Residential Land and Buildings Transaction Tax (LBTT) in place of Stamp Duty Land Tax (SDLT)

  • Policy detail: LBTT is charged on property and land transactions in Scotland and replaced SDLT in Scotland from 1 April 2015 (SPICe, How will residential Land and Building Transaction Tax (LBTT) change the amount of tax paid across Scotland?, 1 April 2015, link).
  • Costing methodology: SPICe analysis shows residential LBTT revenue was 5 per cent higher than the equivalent revenue would have been with SDLT in place.

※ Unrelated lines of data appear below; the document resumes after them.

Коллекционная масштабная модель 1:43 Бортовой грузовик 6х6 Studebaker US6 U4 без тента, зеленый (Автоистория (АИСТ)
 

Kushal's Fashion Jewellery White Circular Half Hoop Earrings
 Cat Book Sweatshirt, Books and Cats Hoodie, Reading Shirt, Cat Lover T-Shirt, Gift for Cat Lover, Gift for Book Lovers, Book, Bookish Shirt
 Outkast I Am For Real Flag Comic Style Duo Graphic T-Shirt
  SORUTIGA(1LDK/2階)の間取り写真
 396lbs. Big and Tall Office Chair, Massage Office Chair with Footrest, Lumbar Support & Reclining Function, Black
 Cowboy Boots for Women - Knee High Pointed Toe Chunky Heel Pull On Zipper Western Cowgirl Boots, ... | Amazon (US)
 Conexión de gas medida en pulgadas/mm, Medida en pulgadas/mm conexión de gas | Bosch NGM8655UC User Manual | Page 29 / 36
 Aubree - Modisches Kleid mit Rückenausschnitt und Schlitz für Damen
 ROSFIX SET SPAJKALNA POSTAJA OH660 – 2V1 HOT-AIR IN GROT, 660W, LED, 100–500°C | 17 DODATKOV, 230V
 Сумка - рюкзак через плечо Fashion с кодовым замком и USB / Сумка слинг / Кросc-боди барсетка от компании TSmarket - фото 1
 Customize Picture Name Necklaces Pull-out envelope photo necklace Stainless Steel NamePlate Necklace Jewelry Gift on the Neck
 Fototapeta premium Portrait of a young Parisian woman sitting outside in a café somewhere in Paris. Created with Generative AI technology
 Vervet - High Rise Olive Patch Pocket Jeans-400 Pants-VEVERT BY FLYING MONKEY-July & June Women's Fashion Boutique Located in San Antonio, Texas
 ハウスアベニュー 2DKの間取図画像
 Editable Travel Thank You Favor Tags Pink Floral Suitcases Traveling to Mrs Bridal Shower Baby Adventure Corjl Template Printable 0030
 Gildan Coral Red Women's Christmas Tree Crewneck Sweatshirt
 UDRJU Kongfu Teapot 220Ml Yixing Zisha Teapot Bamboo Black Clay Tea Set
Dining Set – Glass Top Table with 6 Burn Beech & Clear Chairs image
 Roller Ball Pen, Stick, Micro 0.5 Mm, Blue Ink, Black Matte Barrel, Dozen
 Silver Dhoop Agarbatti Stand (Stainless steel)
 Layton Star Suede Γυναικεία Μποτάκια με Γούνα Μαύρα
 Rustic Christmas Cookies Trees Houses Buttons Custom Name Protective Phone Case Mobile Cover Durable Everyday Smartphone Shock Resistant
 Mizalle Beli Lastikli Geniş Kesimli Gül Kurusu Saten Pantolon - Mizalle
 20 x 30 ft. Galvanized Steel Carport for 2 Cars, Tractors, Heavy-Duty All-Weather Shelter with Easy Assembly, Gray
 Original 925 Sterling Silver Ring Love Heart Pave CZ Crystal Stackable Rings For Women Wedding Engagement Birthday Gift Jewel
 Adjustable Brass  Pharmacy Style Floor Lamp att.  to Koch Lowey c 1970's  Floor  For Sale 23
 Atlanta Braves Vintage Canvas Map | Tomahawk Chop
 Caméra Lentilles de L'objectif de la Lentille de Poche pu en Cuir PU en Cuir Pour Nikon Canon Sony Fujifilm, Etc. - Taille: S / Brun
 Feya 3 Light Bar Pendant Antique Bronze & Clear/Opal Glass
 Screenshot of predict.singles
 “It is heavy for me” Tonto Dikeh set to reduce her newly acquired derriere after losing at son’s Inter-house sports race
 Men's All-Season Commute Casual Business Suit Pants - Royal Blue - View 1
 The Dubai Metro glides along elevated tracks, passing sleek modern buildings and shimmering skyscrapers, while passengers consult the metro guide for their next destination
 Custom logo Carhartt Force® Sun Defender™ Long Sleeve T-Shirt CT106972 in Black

To estimate the ongoing difference between LBTT revenue and revenue that would have been raised under SDLT, this analysis takes 5 per cent of the forecast residential LBTT revenue (SPICe, How will residential Land and Building Transaction Tax (LBTT) change the amount of tax paid across Scotland?, 1 April 2015, link; Scottish Parliament, Finance Committee agenda, 13 January 2016, p.16, link).

Cut in Air Passenger Duty

  • Policy detail: The Scottish Government have committed to halve the burden of APD with the reduction beginning in April 2018 and delivered in full by the end of the next Parliament (SNP, Manifesto, May 2016, link).

Costing methodology: The Fraser of Allander Institute has estimated the cost of this policy (Fraser of Allander Institute, Scotland’s Budget – 2016, September 2016, Table 2.7, p.49, link).